Tesla’s Elon Musk says the company is unlikely to build any packs bigger than 100 kilowatt-hours, and there’s good reasons for that. Big batteries are not only hugely expensive, but they take forever to charge. The Rimac has only 82 kwh—and 220 miles of range. Let’s say that fast charging at 480 volts is going to be essential on the Lucid, and the version with the killer pack will be six figures, but there are also going to be $65,000 Lucids (maybe with 600 horsepower) that can compete with imported luxury cars from BMW, Mercedes and Audi.
And Tesla. Tesla, of course. Like new Teslas, the Air comes autonomy ready, with built in radar, Lidar and cameras. And it’s ready for over-the-air updates. One of the advantages of electric drive is that you gain a lot of interior space (with batteries under the floor), and the Air is said to be the size of a Mercedes E-Class but with the cabin of an S-Class.

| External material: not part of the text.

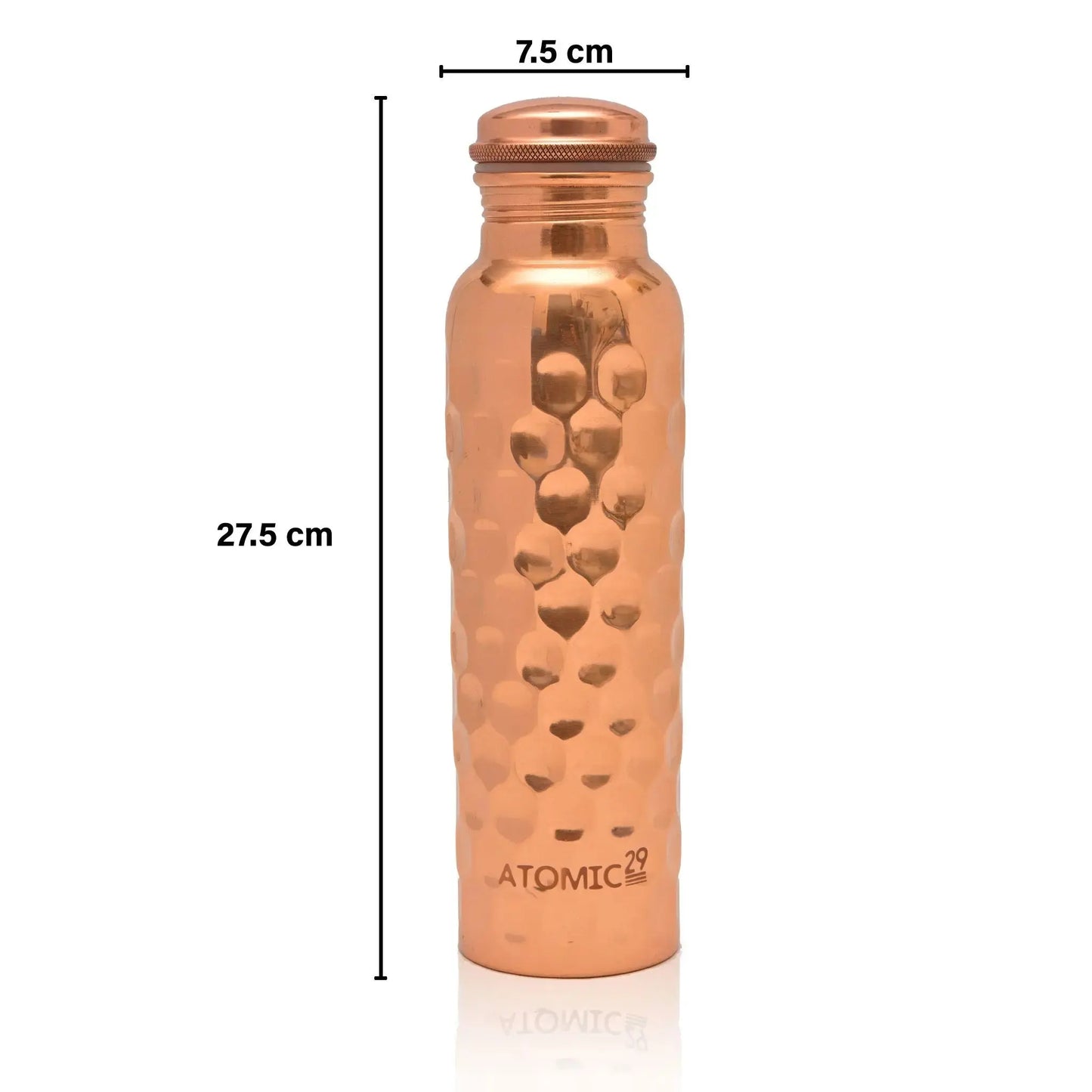 Honey comb copper water bottle with measurements on a white background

They’re going to start building these cars at a new Arizona factory next year. Some 2,000 jobs are to be created. It’s a tough world out there for auto startups (Nevada-based Faraday Future, with some of the same Chinese funding as Lucid, has stopped work on its own factory), but it’s hard not to wish such an enterprise all the best, and Tesla could use the competition.